Thursday, May 16, 2013

Home... or Adventure?



When I was a young adult waking to the adult world around me, I had a pretty pastel-colored card taped to my refrigerator. On it was a picture of a little girl standing before a fork in the road. There was a signpost pointed in two different directions - one arrow was labeled ‘Home’, and the other, ‘World’. I had a deep longing for home and comfort, and yet I also understood the pull of adventure.

All of us long for that feeling of home, a place where we are always welcomed, feel safe, loved and free to be exactly who we are. But that doesn’t mean we want to be home 24/7. Most of us as well are called out into the world by beckoning dreams and burgeoning desires, hopeful that our journeys will keep us well and our adventures will deepen our lives. But how many of us actually enhance our lives and equip our spirits with a healthy balance of both Home and World?

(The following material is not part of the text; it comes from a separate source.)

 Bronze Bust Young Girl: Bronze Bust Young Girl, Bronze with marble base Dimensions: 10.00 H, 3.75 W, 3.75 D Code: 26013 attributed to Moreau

Our families are usually a driving force behind creating and maintaining a home stronghold. We need a place in which to rest and rejuvenate, commune and connect, and dance around the living room in our pajamas. We even have an instinctual urge to nest and create a safe haven from the chaos of the world at large. Some of us try to re-create our childhood experiences in the form of home, while others attempt to fashion an entirely new nesting habitat and familial rituals.

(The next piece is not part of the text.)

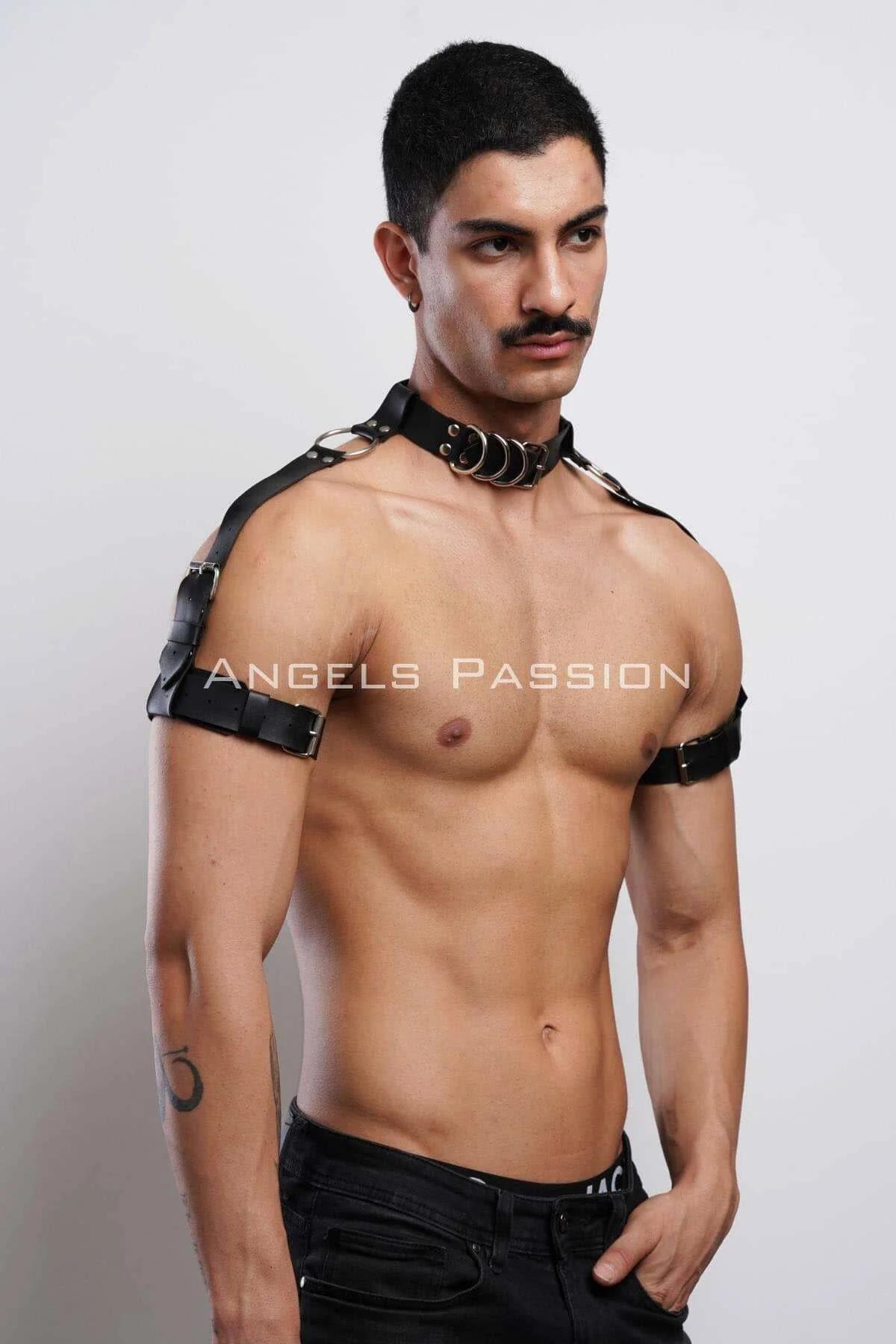 Kol - Boyun - ve Omuz Detaylı Şık Erkek Harness, Erkek Partywear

But too much home and not enough adventure can leave us stagnant, dull and set in our ways. And too much journeying forgoing a home-front can leave us ungrounded, scattered or anxious. We need a sense of home for psychological, physical and spiritual reasons. Yet while creating a home space might seem easy to some, to be truly satisfying it requires a significant level of awareness, an openness to other people, and a willingness to sustain that feeling of ‘home’.

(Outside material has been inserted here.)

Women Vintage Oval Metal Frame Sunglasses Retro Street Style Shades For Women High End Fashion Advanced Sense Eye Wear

Sometimes, on the other hand, we actually have to leave home in order to appreciate all that it means and gives to us. We need to occasionally journey away in order to get a grander sense of things and a fresh perspective on who we are and how we’re living. Coincidentally, setting out on a journey may seem daunting or we may find ourselves clinging to home at its very onset. Journeys do require a certain amount of courage, flexibility, determination and hope. Even those that seem effortless are deepening our character and our ability to affect our lives for the better.

Our careers might provide us with adventures in the form of travel, or our search for meaning may lead us unto journeys of self discovery. But any journey, really, should lead to some sort of self-awareness or bigger-picture understanding. Then, we can head on home, equipped with an expanded perspective, a deeper wisdom - and most likely - a fresh, sincere appreciation of home.